On indexing org files
Since indexing org file is kind of en vogue lately, I thought that I should present my own home-brewed
solution. Firstly, I tried to use recoll, but unfortunately I was unable to compile it on OSX. Because I store
all of my notes in one huge org file,
mdfind wasn't a solution ether. John Kitchin gave a lot of
inspiration, but somehow it didn't quite fit. So I had to hack something by myself...

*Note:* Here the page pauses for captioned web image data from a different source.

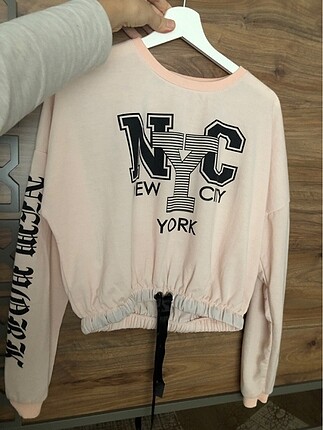 Crop Sweatshirt
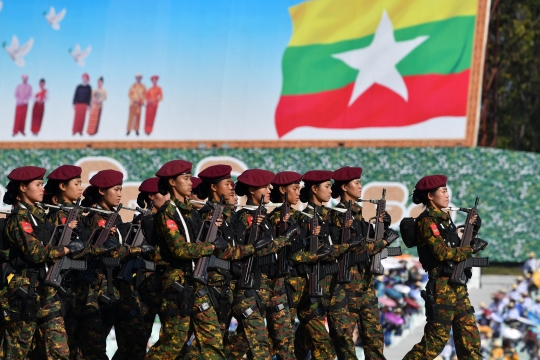 Parade Kendaraan Tempur Meriahkan Hari Kemerdekaan Myanmar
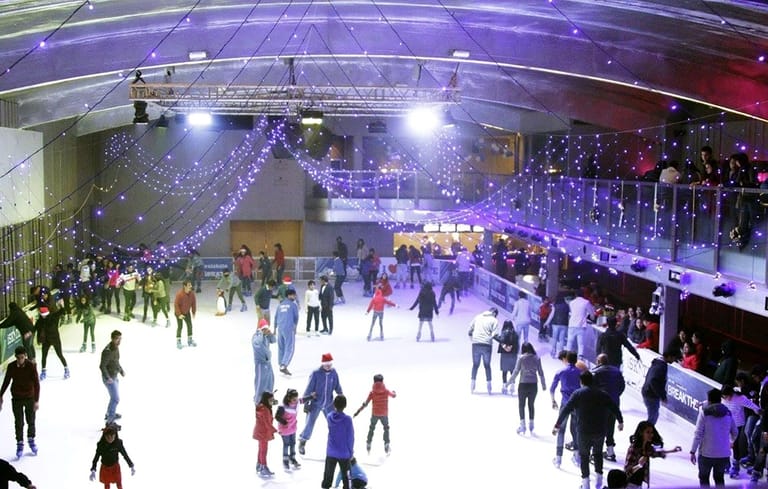 iskate-at-ambience-mall-gurgaon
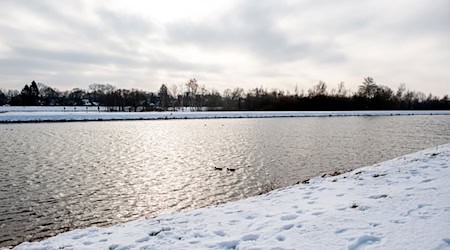 Kalter Wind sorgt derzeit für ein eisiges Temperaturempfinden. / Foto: Hauke-Christian Dittrich/dpa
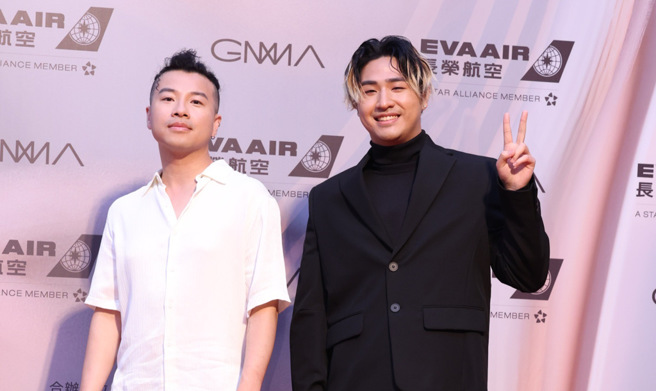 鹿希派陪方斯由走紅毯。（圖/陳俊吉）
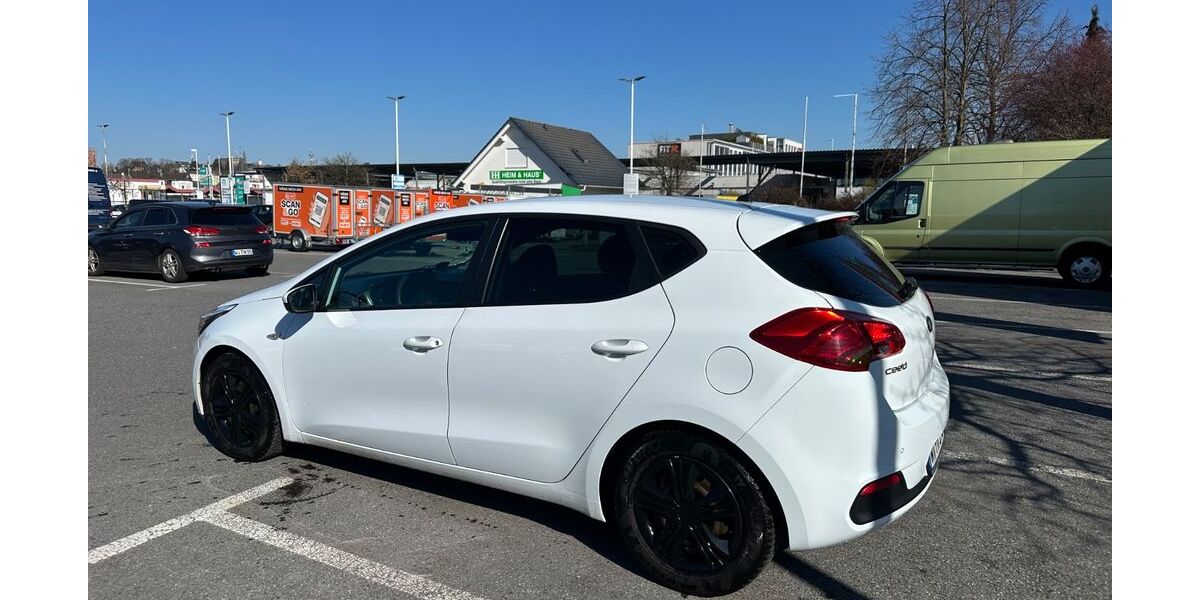 Kia ceed / Ceed 140.000 km 5.600 &euro; Wuppertal 42105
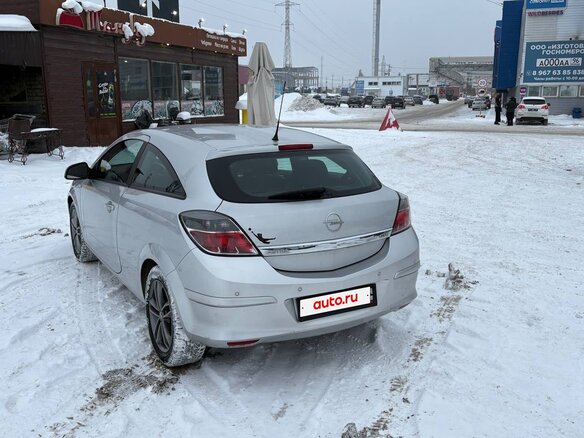 2010 Opel Astra GTC H Рестайлинг, серебристый, 510000 рублей - вид 5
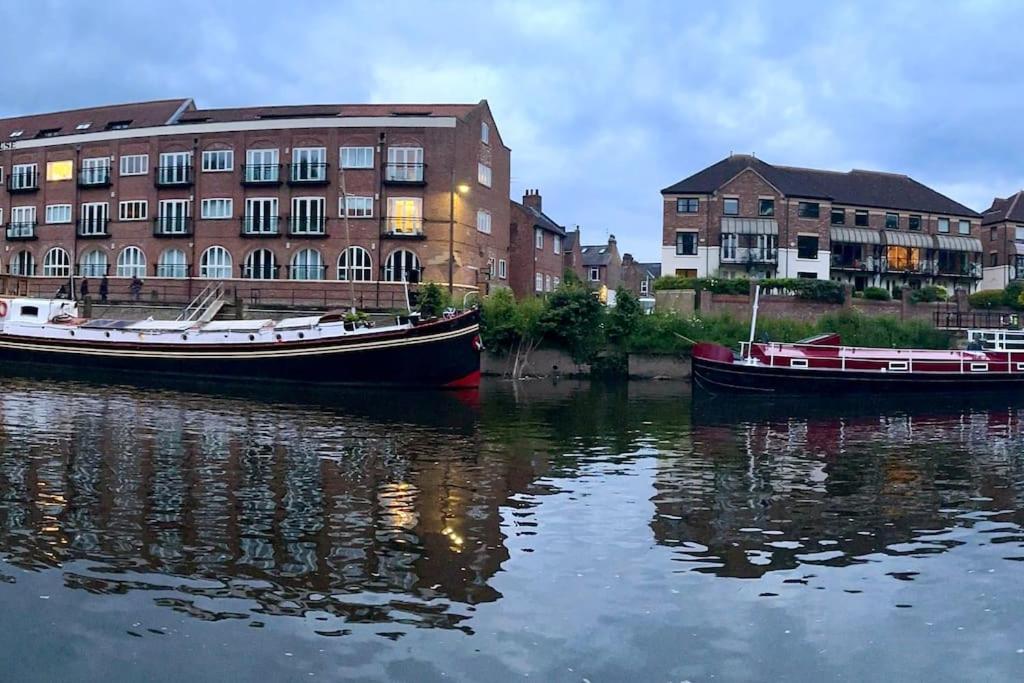 Unique Houseboat Experience I Central City Break York Eksteriør bilde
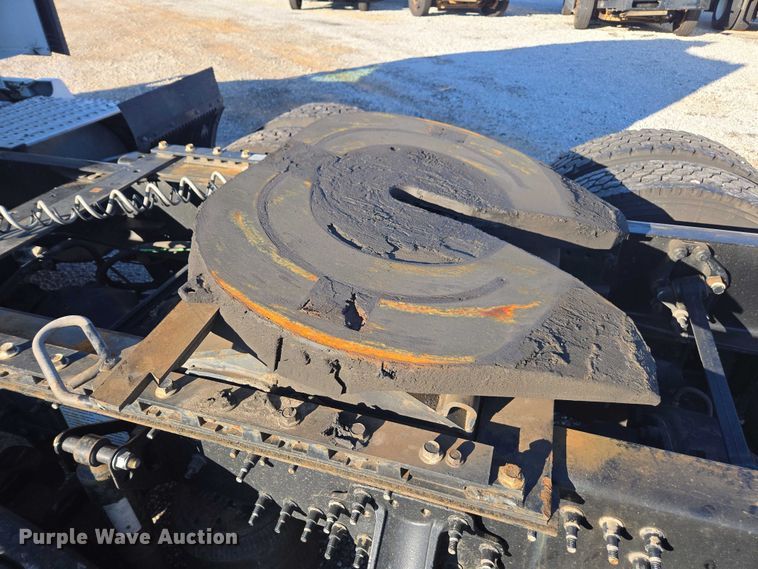 image for item YA1455 2023 Volvo VNL semi truck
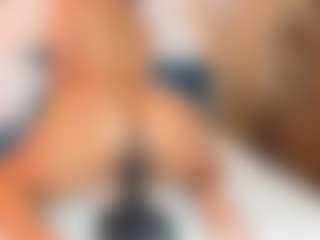 Sally-Rosses's Live Sex Cam Show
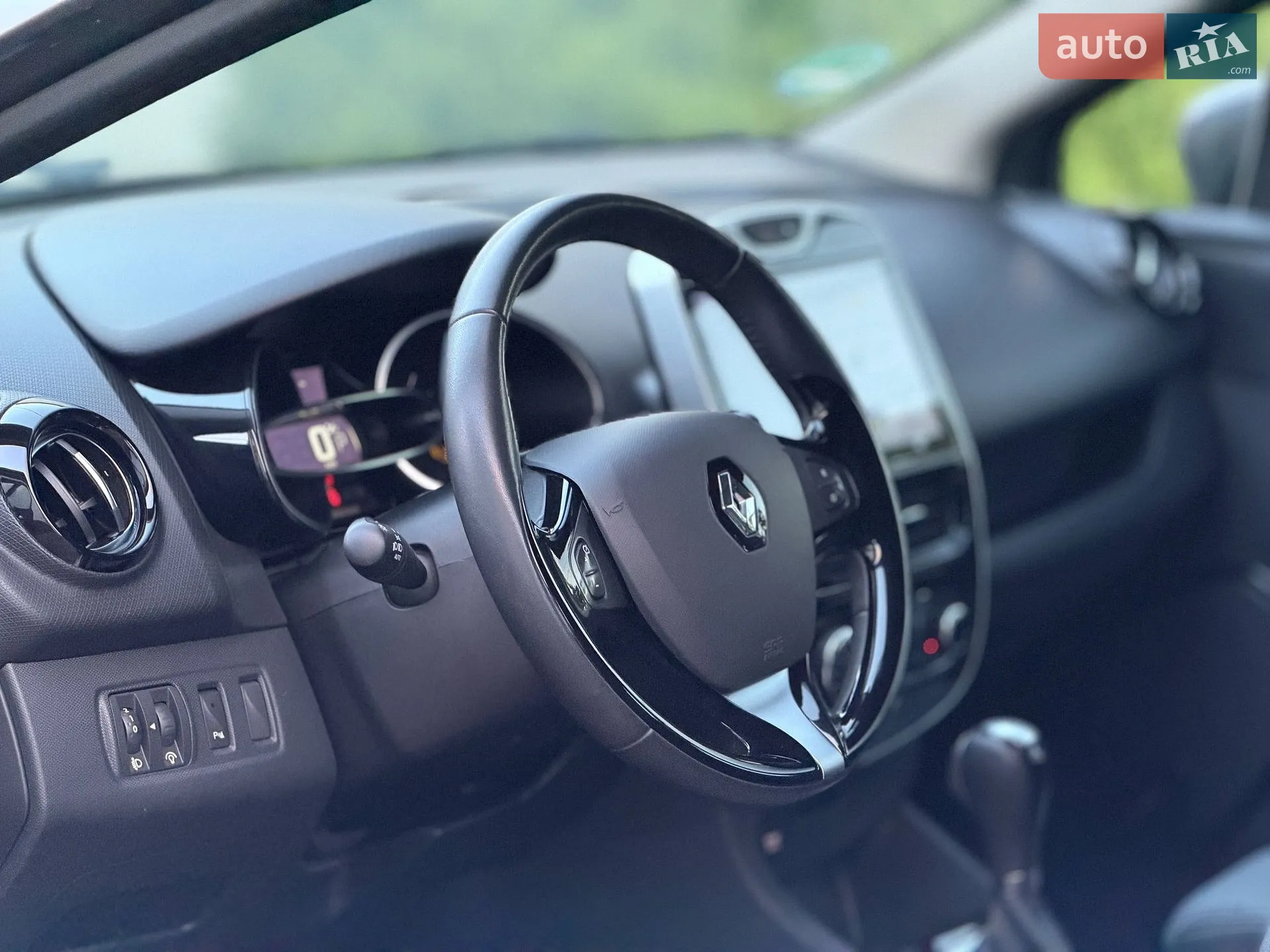 2015 Renault Clio - мініатюра 14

(defpackage :index-cli (:use :cl :net.didierverna.clon) (:import-from :montezuma :add-field :make-field) (:export #:main)) (in-package :index-cli) (defvar *version* "0.1") (defvar *index-path-name* ".org-file-index") (defparameter *index-path* (merge-pathnames *index-path-name*)) (defun make-index (&key create-p) (make-instance 'montezuma:index :path *index-path* :create-p create-p :analyzer (make-instance 'montezuma:standard-analyzer) :default-field "*")) (defun search-index (query) (let ((index (make-index :create-p nil))) (when (= 0 (montezuma:search-each index query #'(lambda (doc-id score) (declare (ignore score)) (format t "~A [~A|~A]~%" (montezuma:document-value (montezuma:get-document index doc-id) 'title) (montezuma:document-value (montezuma:get-document index doc-id) 'file) (montezuma:document-value (montezuma:get-document index doc-id) 'buffer-position))) '(:num-docs 100000))) (format t "Not found~%")))) (defun index-file (filespec) (let ((all-docs (with-open-file (f filespec) (read f))) (index (make-index :create-p t))) (dolist (doc all-docs) (montezuma:add-document-to-index index doc (make-instance 'montezuma:standard-analyzer))) (montezuma:optimize index) (montezuma:close index))) ;;; CLI (defsynopsis (:postfix "FILE") (text :contents "Index alist file") (path :long-name "index-path" :short-name "i" :type :directory :description "Index location. Defaults to current directory.") (stropt :long-name "query" :short-name "q" :description "Search terms.") (flag :long-name "help" :short-name "h" :description "Show this help text.") (flag :long-name "version" :short-name "v" :description "Show the version.")) (defun main (args) (setf sb-impl::*default-external-format* :utf-8) (make-context :cmdline args) (when (getopt :short-name "h") (help) (sb-ext:exit)) (when (getopt :short-name "v") (format t "index-cli v~A~%" *version*) (sb-ext:exit)) (let ((index-path (getopt :short-name "i")) (query (getopt :short-name "q"))) (when index-path (setf *index-path* (merge-pathnames *index-path-name* index-path))) (if query (search-index query) (index-file (merge-pathnames (car (remainder)))))))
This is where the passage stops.